The most common sign in mitochondriopathies is the presence of lactemia. Increased levels of lactate are the result of induced stress responses including hyperactivated metabolic rate, sympathetic nervous system activation, accelerated glycolysis and a modified bioenergetic supply. Higher levels of lactate correlate with poor prognosis and non-survival, too [18]. Additionally, cardiac dysfunction is found in >40% of sepsis patients and enhances mortality rates [19]. In our case, lactatemia as well as high levels of pro-BNP were present since birth and showed a rapidly rising trend in accordance with the simultaneous increase of the biventricular hypertrophy additionally worsening the situation. The adjustment of anticongestive treatment only shortly improved the situation and could not prevent the fatal course. Even if the genetic diagnostic possibilities and understanding in the diverse pathophysiological background as well as therapeutic opportunities have developed the last years, there is still no curative therapy existing so far and there is still an urgent need for novel targeted prevention and curative therapy.
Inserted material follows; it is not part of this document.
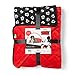 Disney Mickey Mouse Pet Throw Blanket, Black, 30 x 40/One Size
Infantile hypertrophic cardiomyopathy displays a genetically heterogeneous disorder with significant high morbidity and mortality, especially when caused by mitochondriopathy. As we showed with this case, early genetic analysis coupled with detailed phenotyping should be considered in patients with positive familiar history for HCM, persisting lactatemia, nondescript metabolic screen and unclear fatal course with the aim to clarify differentials and diagnosis. Furthermore, we suggest an early interdisciplinary cooperation of all relevant subspecialties as neonatologists, pediatric cardiologists, metabolism experts and geneticists to determine prognosis and rational therapy options without delay. In this case, with a known diagnosis before fatal outcome, a change in treatment goal towards palliative care would have been desirable. Therefore, early diagnosis und prognosis assessment would allow improvement of treatment strategies and precise genetic counseling with regard to further pregnancies.